Only the lines that include "with" should be copied from the data below.

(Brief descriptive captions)

--------

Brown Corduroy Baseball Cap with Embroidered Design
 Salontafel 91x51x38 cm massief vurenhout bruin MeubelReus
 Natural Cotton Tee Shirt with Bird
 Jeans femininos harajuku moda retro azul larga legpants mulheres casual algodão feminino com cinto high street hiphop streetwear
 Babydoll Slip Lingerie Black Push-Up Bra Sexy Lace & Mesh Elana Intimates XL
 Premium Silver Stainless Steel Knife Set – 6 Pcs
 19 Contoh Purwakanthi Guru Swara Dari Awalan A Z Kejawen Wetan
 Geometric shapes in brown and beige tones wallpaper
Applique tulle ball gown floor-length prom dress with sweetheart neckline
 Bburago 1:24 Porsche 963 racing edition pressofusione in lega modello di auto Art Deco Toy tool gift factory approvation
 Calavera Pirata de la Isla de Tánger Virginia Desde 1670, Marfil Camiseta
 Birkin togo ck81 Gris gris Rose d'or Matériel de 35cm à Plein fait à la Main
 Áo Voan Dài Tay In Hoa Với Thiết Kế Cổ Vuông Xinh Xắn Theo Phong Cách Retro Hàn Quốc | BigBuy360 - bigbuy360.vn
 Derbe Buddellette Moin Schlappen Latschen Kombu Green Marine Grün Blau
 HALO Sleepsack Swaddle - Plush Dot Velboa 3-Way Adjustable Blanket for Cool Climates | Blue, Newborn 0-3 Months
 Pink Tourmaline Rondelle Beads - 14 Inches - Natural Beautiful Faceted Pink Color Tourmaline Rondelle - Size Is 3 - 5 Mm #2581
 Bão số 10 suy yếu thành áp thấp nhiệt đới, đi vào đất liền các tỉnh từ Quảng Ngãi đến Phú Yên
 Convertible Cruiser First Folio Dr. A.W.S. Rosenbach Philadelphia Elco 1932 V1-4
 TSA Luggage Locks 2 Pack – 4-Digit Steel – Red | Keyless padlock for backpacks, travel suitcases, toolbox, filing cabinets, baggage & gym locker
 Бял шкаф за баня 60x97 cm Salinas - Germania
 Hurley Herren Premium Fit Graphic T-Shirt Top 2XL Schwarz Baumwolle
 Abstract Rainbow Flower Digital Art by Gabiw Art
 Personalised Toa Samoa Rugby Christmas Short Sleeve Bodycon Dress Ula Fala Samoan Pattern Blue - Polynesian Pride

--------

▶ [SOLUTION FOR THIS TASK]:
Brown Corduroy Baseball Cap with Embroidered Design
 Natural Cotton Tee Shirt with Bird
Applique tulle ball gown floor-length prom dress with sweetheart neckline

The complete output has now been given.